しかし、何もかも遅い。菊蛍の身柄さえこちらにあれば……
菊蛍は突然記憶を失った訳ではない。そういう術は拒絶されやすい。
故に、少しずつ自身の中の歪みや目を逸したい事柄がすり替わるよう術をかけさせた。この試みは上手く運んだ。
現在の菊蛍にとってオートンは旧知の間柄であり、攻撃対象ではない。そのことがオートンを満足させていた。彼もまた、自身の所業を直視出来ないでいたのだ。
ところが、それがいとも容易く覆る。
「邪魔になった、死ね」
菊蛍は、それは美しい凄絶な笑顔で、オートンの出てきた瞬間を狙って致命傷を与えた。心臓を一突き。慈悲も情もない。

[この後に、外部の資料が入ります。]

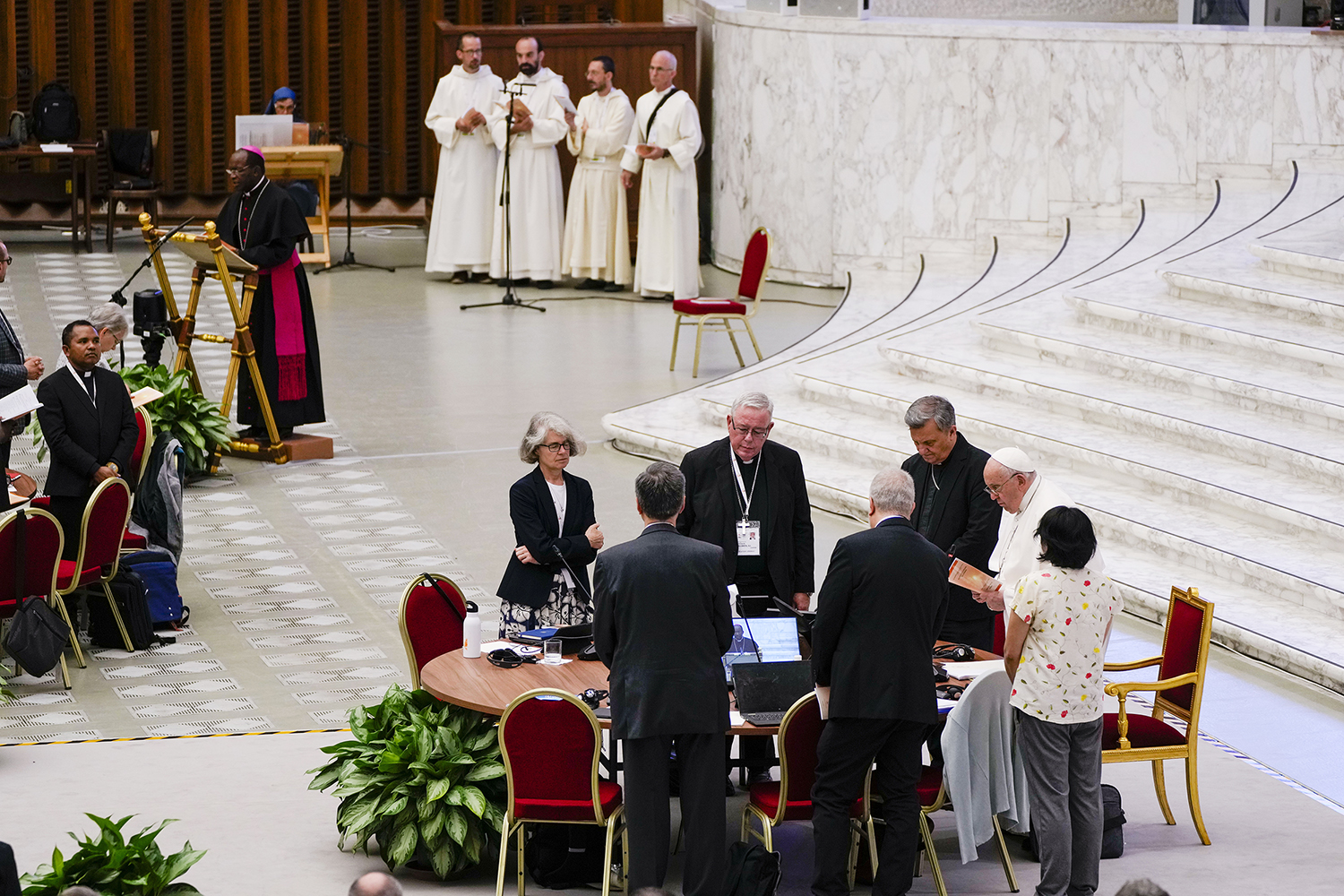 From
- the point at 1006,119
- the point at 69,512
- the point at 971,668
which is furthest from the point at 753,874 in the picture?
the point at 1006,119

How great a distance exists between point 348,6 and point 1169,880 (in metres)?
15.0

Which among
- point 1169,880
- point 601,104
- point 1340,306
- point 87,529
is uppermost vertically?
point 601,104

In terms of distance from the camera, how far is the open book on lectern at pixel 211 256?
1023 cm

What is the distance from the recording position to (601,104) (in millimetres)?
15703

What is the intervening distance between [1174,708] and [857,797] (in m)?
1.33

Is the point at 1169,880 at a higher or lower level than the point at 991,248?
lower

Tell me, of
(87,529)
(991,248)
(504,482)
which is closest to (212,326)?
(504,482)

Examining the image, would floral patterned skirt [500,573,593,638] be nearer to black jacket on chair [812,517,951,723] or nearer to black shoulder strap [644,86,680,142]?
black jacket on chair [812,517,951,723]

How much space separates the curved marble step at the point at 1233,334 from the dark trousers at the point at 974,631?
3990 mm

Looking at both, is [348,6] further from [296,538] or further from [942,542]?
[942,542]

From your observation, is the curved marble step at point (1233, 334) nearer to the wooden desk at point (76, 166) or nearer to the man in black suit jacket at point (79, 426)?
the man in black suit jacket at point (79, 426)

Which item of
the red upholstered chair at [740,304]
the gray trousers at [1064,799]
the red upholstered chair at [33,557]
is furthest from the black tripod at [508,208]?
the gray trousers at [1064,799]

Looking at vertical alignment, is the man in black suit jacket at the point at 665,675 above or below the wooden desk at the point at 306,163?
below

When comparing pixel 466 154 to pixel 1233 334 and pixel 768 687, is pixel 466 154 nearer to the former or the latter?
pixel 1233 334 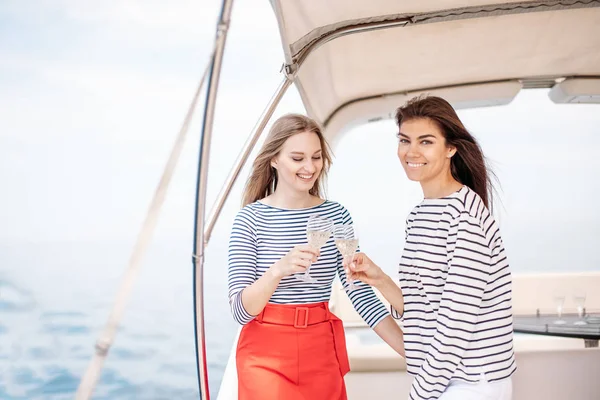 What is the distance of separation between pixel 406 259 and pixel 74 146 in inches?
320

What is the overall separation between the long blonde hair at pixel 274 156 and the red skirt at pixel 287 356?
0.46 m

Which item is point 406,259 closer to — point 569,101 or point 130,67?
point 569,101

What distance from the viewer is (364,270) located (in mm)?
2135

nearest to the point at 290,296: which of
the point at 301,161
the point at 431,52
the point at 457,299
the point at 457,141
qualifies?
the point at 301,161

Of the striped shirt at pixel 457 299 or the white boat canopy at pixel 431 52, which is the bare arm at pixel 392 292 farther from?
the white boat canopy at pixel 431 52

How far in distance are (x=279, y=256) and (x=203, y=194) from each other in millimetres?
365

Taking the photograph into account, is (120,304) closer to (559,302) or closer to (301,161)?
(301,161)

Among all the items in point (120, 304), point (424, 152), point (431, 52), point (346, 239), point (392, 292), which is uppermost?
point (431, 52)

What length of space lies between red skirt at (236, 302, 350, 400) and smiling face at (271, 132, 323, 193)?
41 centimetres

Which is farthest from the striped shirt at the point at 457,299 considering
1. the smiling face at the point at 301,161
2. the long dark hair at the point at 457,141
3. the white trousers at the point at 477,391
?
the smiling face at the point at 301,161

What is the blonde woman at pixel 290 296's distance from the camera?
89.2 inches

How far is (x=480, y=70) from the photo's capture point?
4078 millimetres

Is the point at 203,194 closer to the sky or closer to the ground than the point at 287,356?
closer to the sky

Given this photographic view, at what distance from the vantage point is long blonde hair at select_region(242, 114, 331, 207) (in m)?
2.41
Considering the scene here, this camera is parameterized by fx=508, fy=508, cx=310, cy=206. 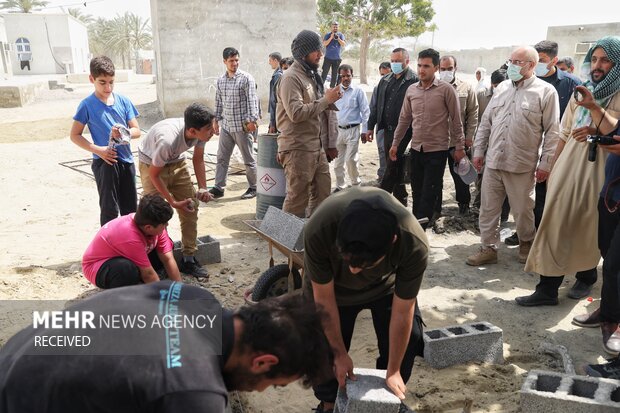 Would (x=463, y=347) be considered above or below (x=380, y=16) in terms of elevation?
below

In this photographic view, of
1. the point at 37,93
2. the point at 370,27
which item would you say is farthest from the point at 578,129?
the point at 370,27

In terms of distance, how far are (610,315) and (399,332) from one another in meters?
1.81

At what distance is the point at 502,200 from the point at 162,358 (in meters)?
4.26

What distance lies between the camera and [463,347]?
11.1 ft

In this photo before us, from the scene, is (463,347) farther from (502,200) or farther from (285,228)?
(502,200)

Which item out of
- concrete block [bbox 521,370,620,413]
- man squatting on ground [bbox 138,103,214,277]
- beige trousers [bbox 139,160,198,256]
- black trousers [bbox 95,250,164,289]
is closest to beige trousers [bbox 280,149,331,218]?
man squatting on ground [bbox 138,103,214,277]

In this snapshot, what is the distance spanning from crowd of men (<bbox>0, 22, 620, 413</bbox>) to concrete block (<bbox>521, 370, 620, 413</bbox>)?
1.24ft

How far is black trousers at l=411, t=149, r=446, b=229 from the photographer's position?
558 cm

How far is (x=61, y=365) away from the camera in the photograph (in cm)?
141

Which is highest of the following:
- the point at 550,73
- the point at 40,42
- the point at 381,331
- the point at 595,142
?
the point at 40,42

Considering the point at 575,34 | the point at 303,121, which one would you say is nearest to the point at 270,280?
the point at 303,121

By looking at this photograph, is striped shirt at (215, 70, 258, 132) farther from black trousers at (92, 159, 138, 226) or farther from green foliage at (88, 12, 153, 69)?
green foliage at (88, 12, 153, 69)

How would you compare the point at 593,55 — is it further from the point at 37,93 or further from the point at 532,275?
the point at 37,93

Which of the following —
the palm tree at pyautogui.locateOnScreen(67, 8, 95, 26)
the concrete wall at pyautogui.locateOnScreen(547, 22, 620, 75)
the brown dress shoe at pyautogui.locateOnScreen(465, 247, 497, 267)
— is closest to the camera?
the brown dress shoe at pyautogui.locateOnScreen(465, 247, 497, 267) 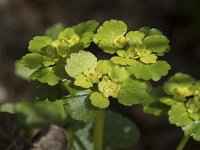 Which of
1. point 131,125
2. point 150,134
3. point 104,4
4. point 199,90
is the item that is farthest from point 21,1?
point 199,90

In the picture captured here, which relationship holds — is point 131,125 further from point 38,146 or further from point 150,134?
point 150,134

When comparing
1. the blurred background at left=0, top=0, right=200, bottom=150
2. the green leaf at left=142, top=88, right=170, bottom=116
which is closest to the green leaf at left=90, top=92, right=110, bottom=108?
the green leaf at left=142, top=88, right=170, bottom=116

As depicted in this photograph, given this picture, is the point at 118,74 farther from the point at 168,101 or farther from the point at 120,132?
the point at 120,132

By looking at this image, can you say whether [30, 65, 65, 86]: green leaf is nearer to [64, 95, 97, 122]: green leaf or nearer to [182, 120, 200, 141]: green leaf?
[64, 95, 97, 122]: green leaf

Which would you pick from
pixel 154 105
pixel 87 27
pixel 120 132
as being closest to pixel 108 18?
pixel 120 132

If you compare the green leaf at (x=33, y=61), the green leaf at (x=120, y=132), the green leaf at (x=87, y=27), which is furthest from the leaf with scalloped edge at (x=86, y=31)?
the green leaf at (x=120, y=132)

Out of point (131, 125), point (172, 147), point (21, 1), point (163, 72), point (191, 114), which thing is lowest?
point (172, 147) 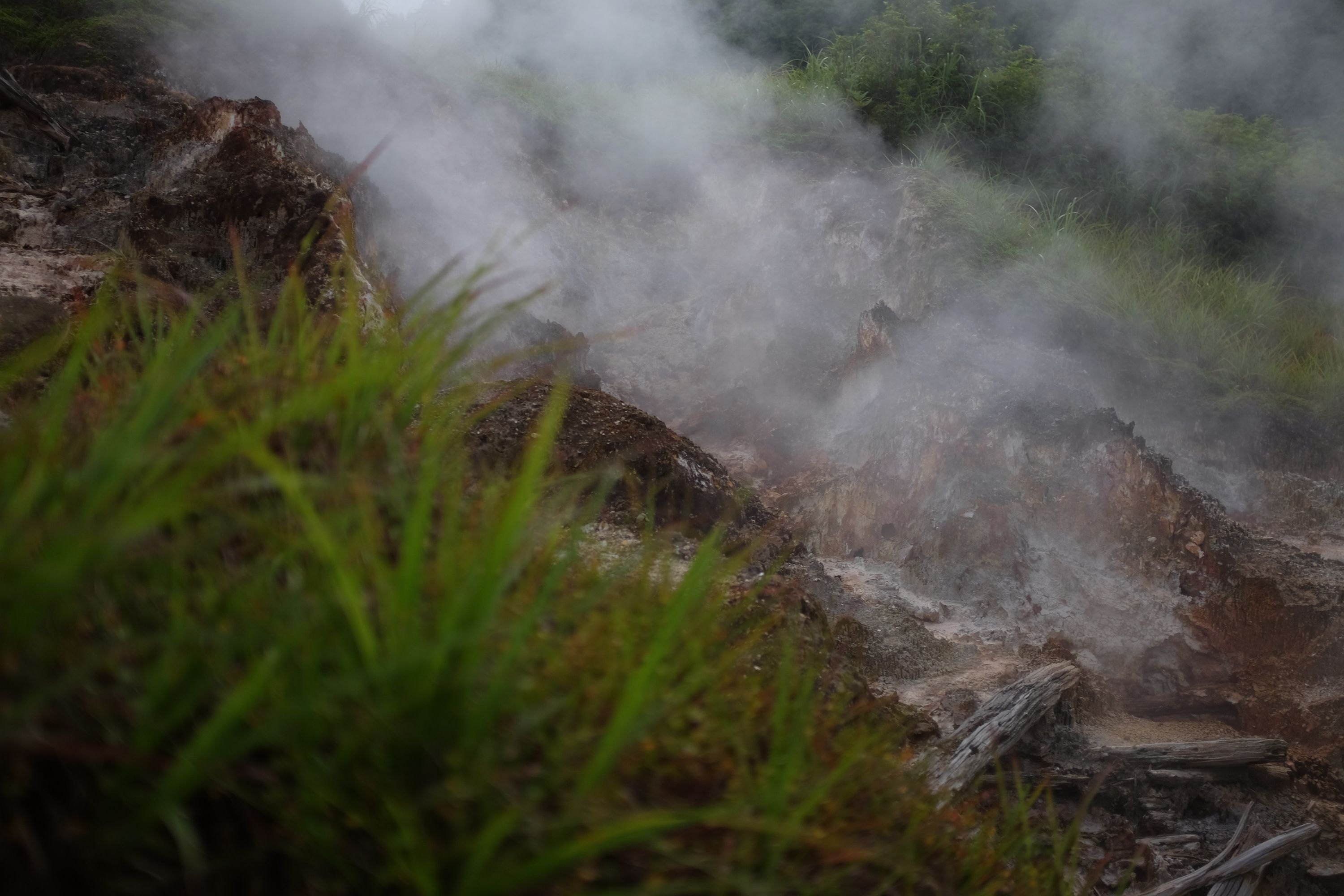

親友のことすら覚えていない今の菊蛍にとって、一目惚れした黒音以外に重要なものなど存在しなかったのだ。
オートンは自身の策によって命を落とした。
***
「というわけでブリンカーを倒したぞ」
「じゃあ俺ここにいる理由なくなった」
「俺がいるであろうが!」
あっさり始末されて拍子抜け。そりゃ蛍ならその気になれば殺れるわな。今まで殺そうとしてなかっただけで。
「あんた、俺が殺すって言ったから殺したのか。旧知の間柄だったんだろ」
「あれから60年経っているし、拉致して閉じ込めて追い回すような奴は知らん。それほど親しかったわけでもなく、囚人兵仲間のほうがよほど気心が知れている」
アイン・Bの中では重要ポジのつもりだったと思うよ。50年接触しなかったのが響いたな。ずっと手段を変えて蛍を監視してたと思うが……
「ベッカード、確認したいことが出来た。中枢ってのは何処だ。俺の視覚情報を得ている場所を知りたい」
「そのことなら心配ない。この星は俺が乗っ取るつもりである」
気軽な口ぶりで蛍が言う。俺を後ろから抱いて。
「ブリンカー……オートンを始末したのはそれもある。奴は多少の暴走が許される中心的人物だったのだろう? 薩摩の中枢にも入り込んでいた。
少なくとも命令系統が崩れる箇所があるはず。まずそこを貰い受け、他の重要人物や派閥を洗い出す。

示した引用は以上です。